E assim perverteu-se todo um país... morto de apatia moral.
É o país proibido de viver o ideal descrito no primeiro parágrafo: viver do seu próprio trabalho, descobrir sua função, seu prazer no trabalho.
Pois este é o sistema, que nos amolda. Como é que um jovem vai viver seu ideal, digamos, de ser um bom policial, se há tanta corrupção e mal-feitos, na Polícia?
É claro, não se pode generalizar, e há muitos policiais dignos.
Mas dizer que nossa organização policial é muito bem feita, sem injustiças e problemas graves, é negar a realidade que se vê com o próprio olho. É mentir, é enganar.

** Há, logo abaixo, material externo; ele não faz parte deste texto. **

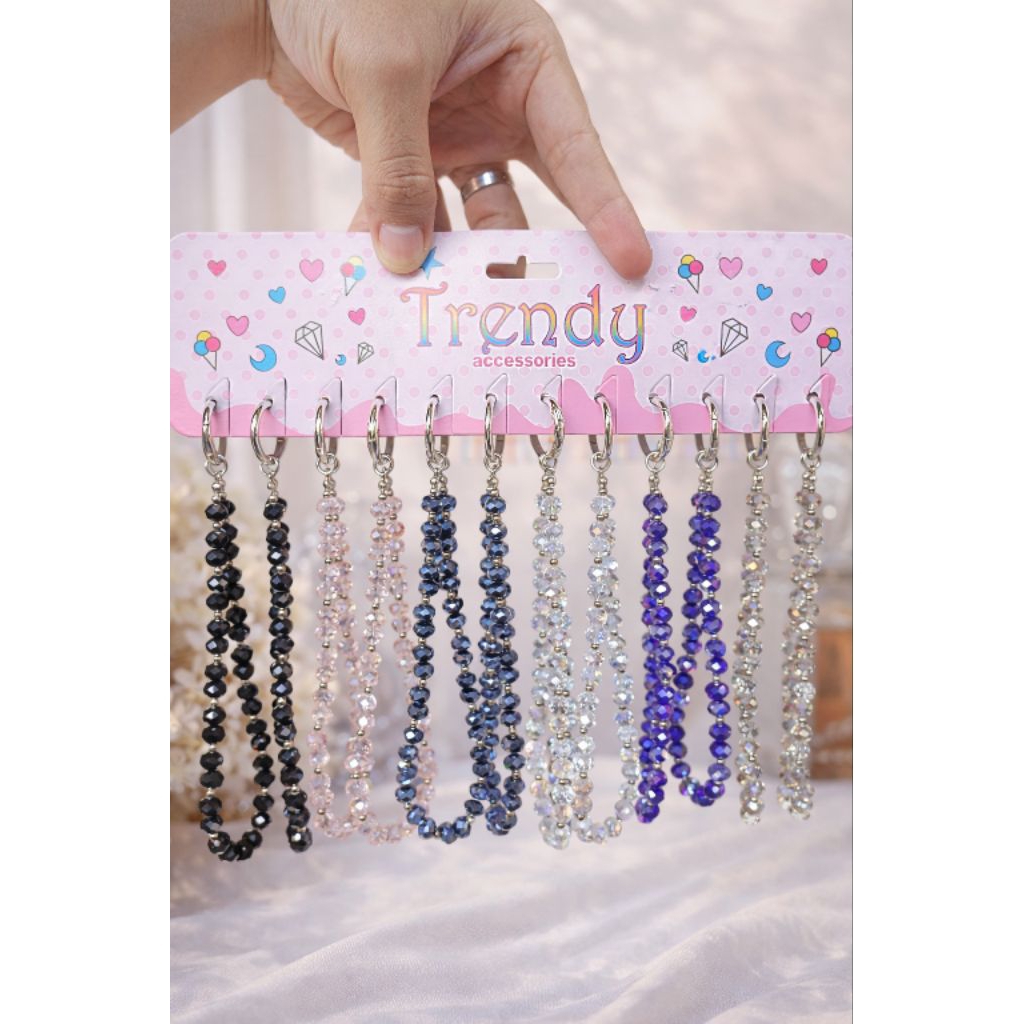 12PCS GANTUNGAN HP CRYSTAL AESTHETIC | PHONE STRAP HP AESTHETIC RING MANIK CRYSTAL PREMIUM SWAROVSKI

Todos sabem que policiais não podem ser máquinas de matar. E que investigações devem ser feitas, para a segurança pública, presos ladrões e outros elementos nocivos para a sociedade.
Mas é isto que se vê por aqui? Em grande medida, é isto que se vê?
Porque o sistema em que vivemos em grande medida dificulta, ou mesmo impede, que um trabalhador tenha satisfação e orgulho do seu trabalho. Por fazer um trabalho bem feito. No caso, um policial.
Ao ponto de, em determinados lugares, aquele que deseja fazer uma investigação séria seja visto e apontado como um louco. Um tonto, incapaz de enxergar a realidade.
A realidade que mostra um monte de gente graúda que não vai presa, não importa o tamanho do malfeito...
E, com estes exemplos, o policial cônscio e digno de seus deveres vai aparecer como maluco. Como estúpido, ou hipócrita.
Um sistema em que a própria corporação vai ignorar e, “passar a mão na cabeça”, dos problemas. Ser conivente com eles. E vai defender privilégios e injustiças. Como é que num sistema assim se vai ter o “bom policial”?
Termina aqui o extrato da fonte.